TASK TO COMPLETE:
Each line of the listing below must be retyped exactly, with images left out.

(GIVEN INFORMATION begins)

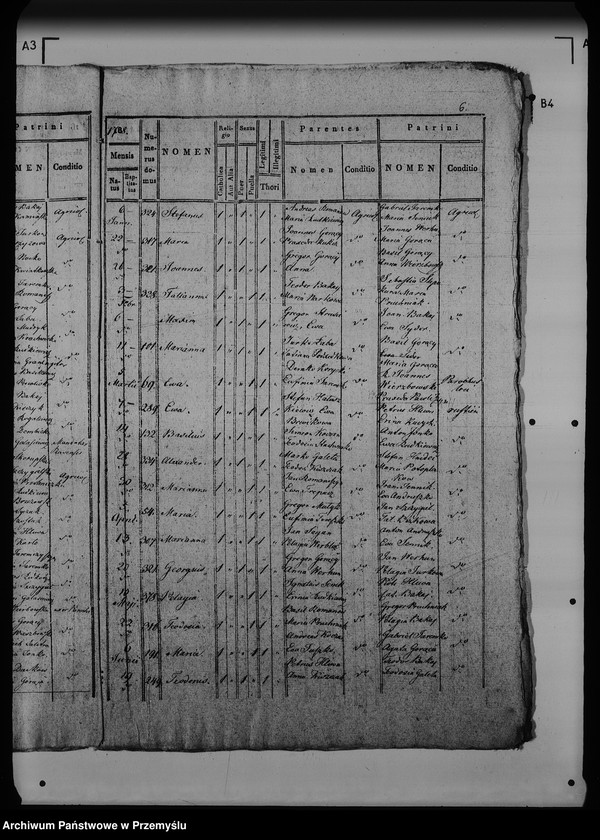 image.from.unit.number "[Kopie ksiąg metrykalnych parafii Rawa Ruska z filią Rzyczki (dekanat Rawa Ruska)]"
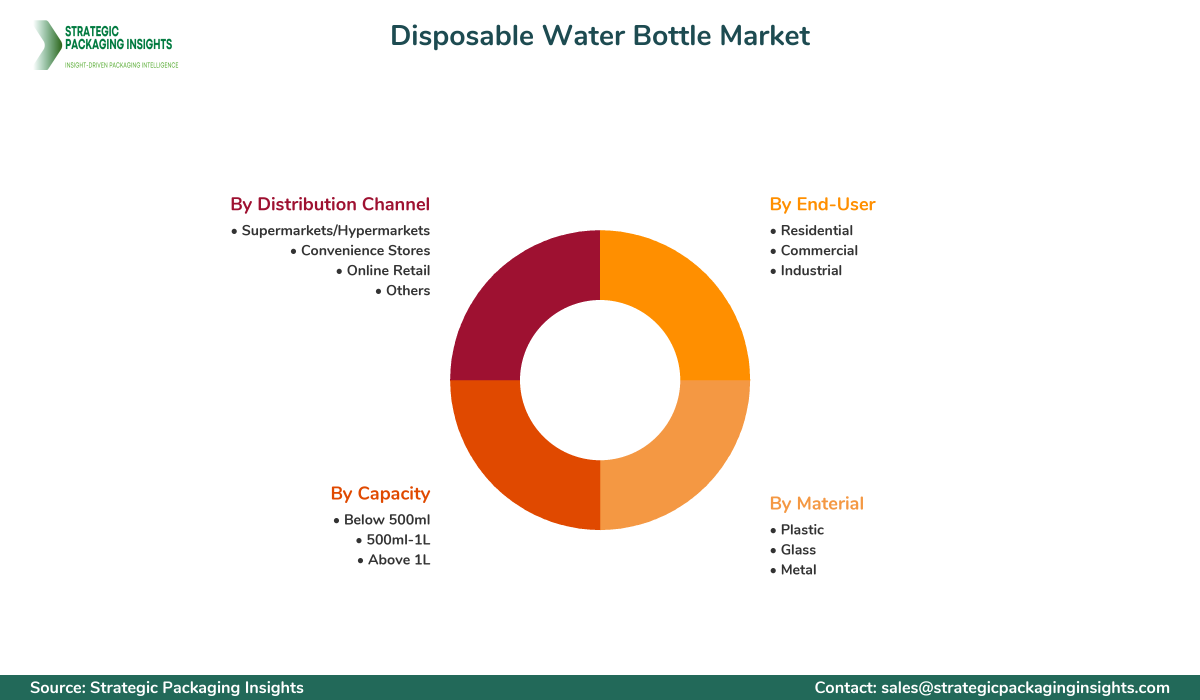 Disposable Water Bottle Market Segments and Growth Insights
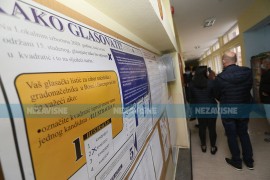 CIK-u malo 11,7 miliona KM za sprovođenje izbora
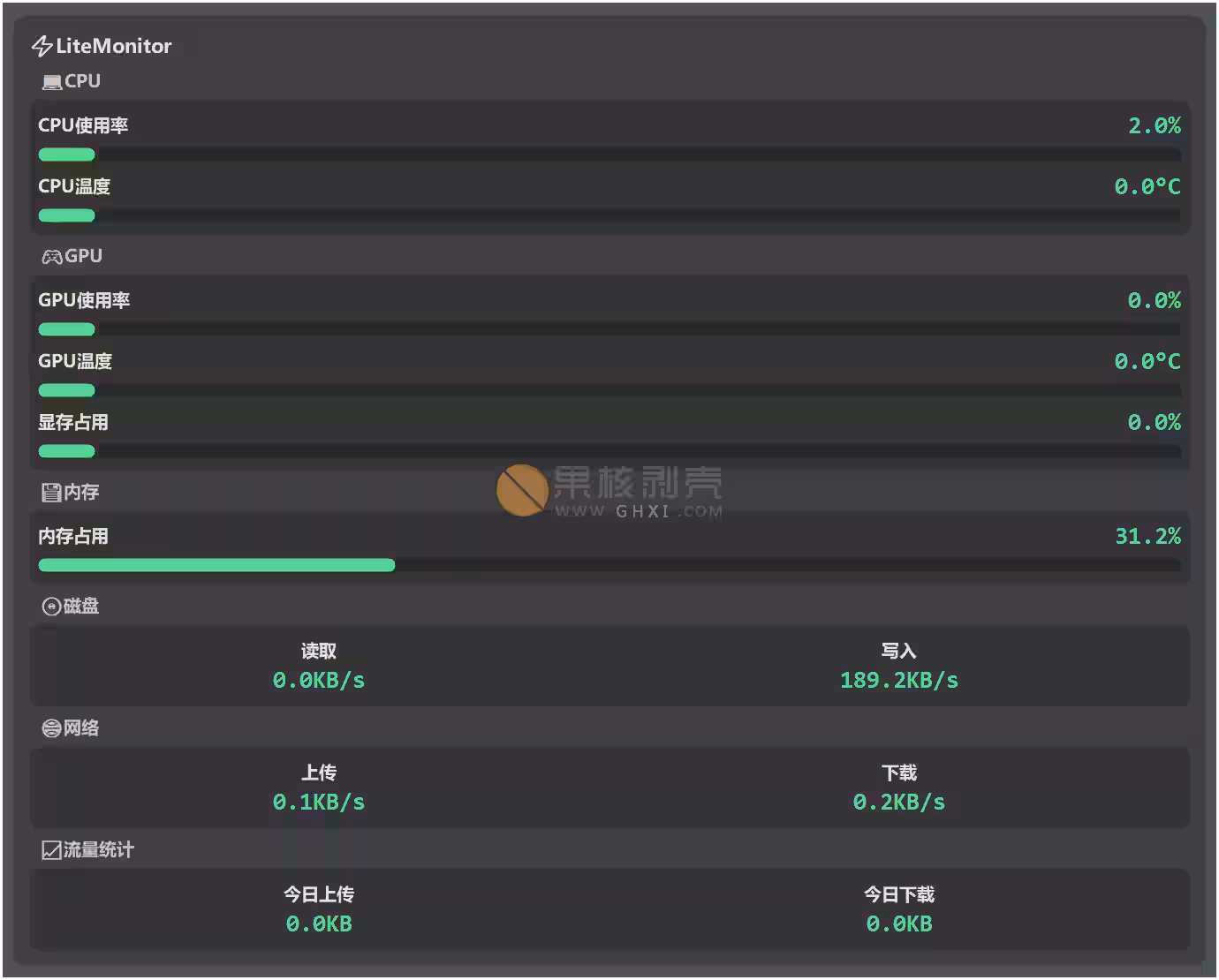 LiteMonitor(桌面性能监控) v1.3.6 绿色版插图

(GIVEN INFORMATION ends)

WRITTEN ANSWER:
 image.from.unit.number "[Kopie ksiąg metrykalnych parafii Rawa Ruska z filią Rzyczki (dekanat Rawa Ruska)]"
 Disposable Water Bottle Market Segments and Growth Insights
 CIK-u malo 11,7 miliona KM za sprovođenje izbora
 LiteMonitor(桌面性能监控) v1.3.6 绿色版插图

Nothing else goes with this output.